[EXTRACTED DATA Boundary: Start]
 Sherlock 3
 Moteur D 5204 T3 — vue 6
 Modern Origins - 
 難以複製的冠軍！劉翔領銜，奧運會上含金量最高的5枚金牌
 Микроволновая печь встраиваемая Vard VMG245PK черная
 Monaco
[EXTRACTED DATA Boundary: End]
[EXTRACTED DATA Boundary: Start]
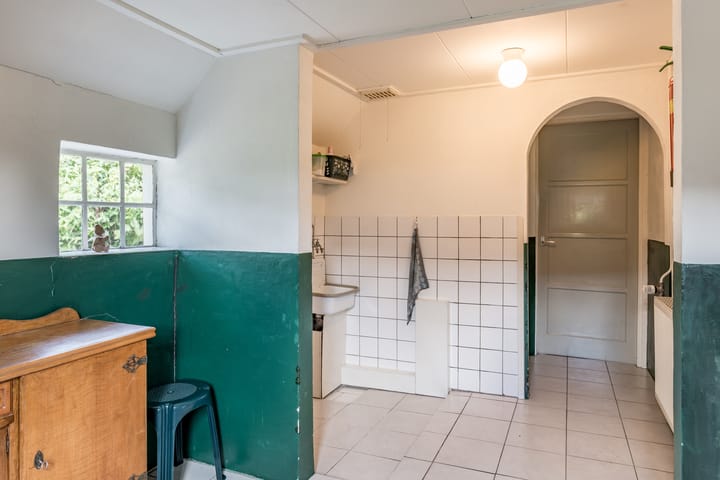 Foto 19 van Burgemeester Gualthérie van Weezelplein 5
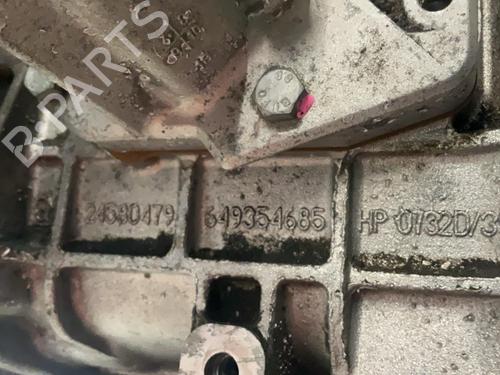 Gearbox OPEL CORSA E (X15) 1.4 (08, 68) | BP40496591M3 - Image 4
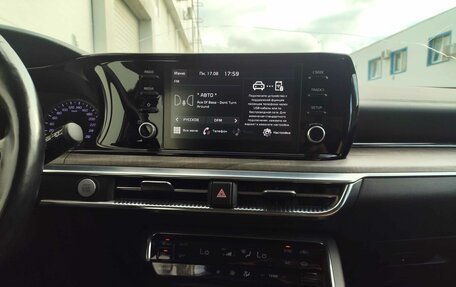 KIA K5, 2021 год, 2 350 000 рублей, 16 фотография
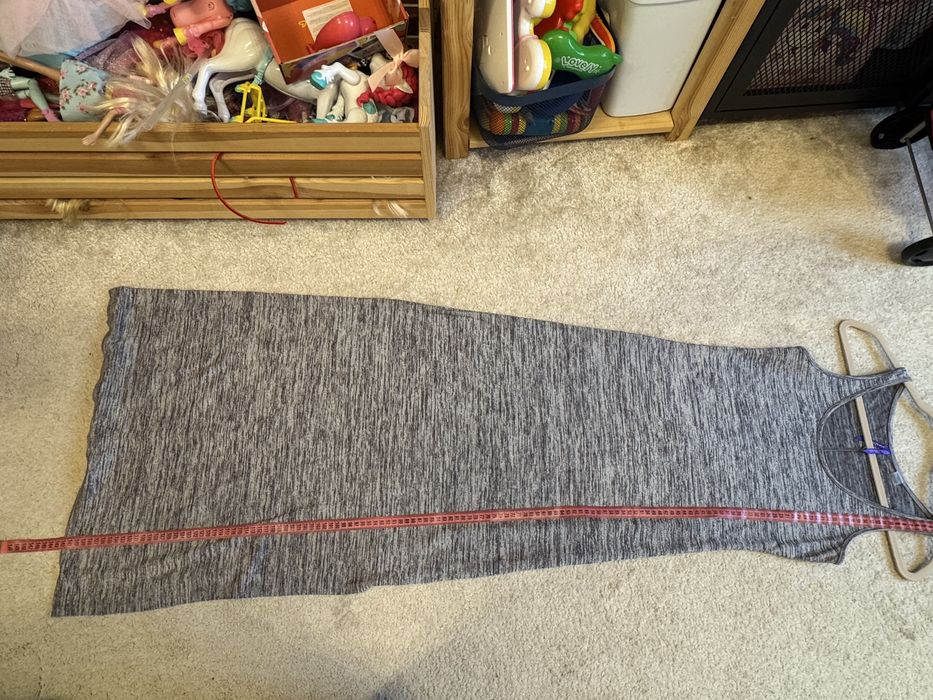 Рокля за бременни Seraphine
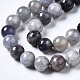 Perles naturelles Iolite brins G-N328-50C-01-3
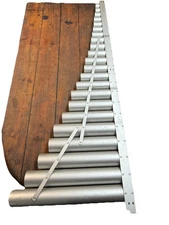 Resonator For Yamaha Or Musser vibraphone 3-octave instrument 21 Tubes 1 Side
[EXTRACTED DATA Boundary: End]
[EXTRACTED DATA Boundary: Start]
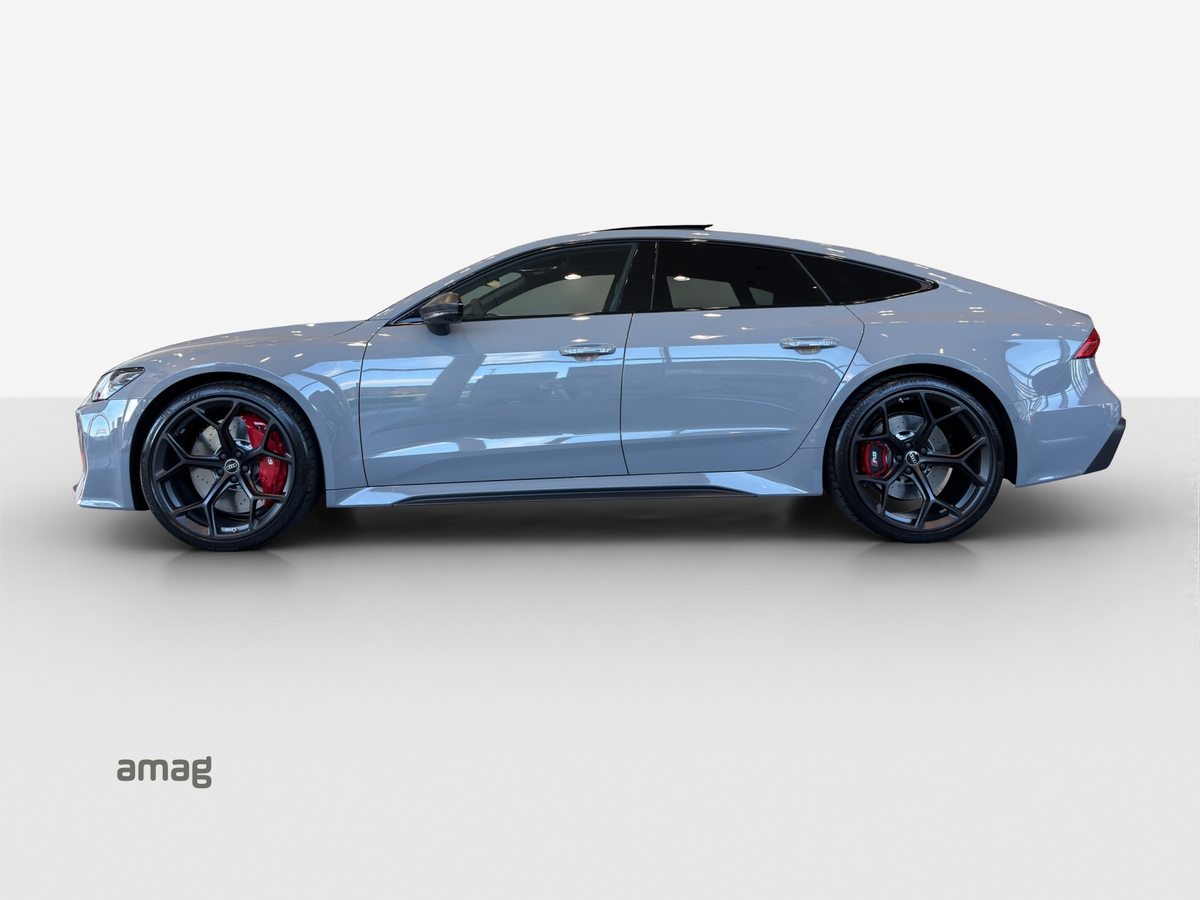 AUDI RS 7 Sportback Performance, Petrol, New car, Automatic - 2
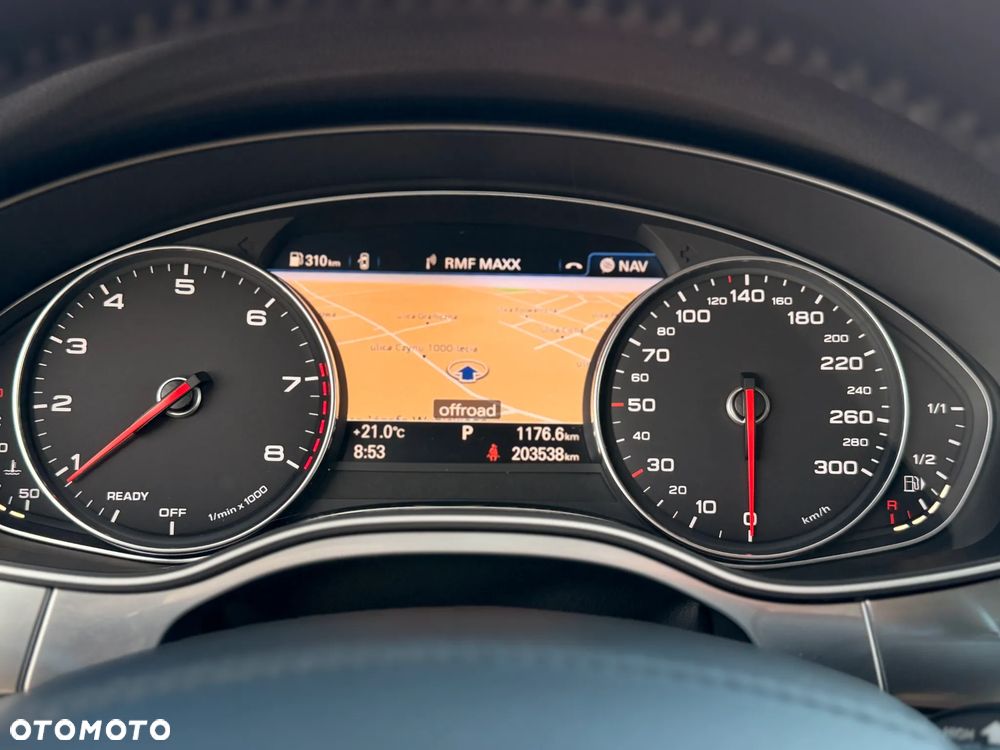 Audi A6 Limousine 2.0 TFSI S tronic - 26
[EXTRACTED DATA Boundary: End]
WHAT YOU NEED TO DO: Range to copy from the listing above: the line containing "AUDI RS 7 Sportback" down to the line containing "Audi A6 Limousine 2.0 TFSI S tronic - 26", both included. Reproduce it exactly, minus the pictures, and add nothing.

WRITTEN SOLUTION:
 AUDI RS 7 Sportback Performance, Petrol, New car, Automatic - 2
 Audi A6 Limousine 2.0 TFSI S tronic - 26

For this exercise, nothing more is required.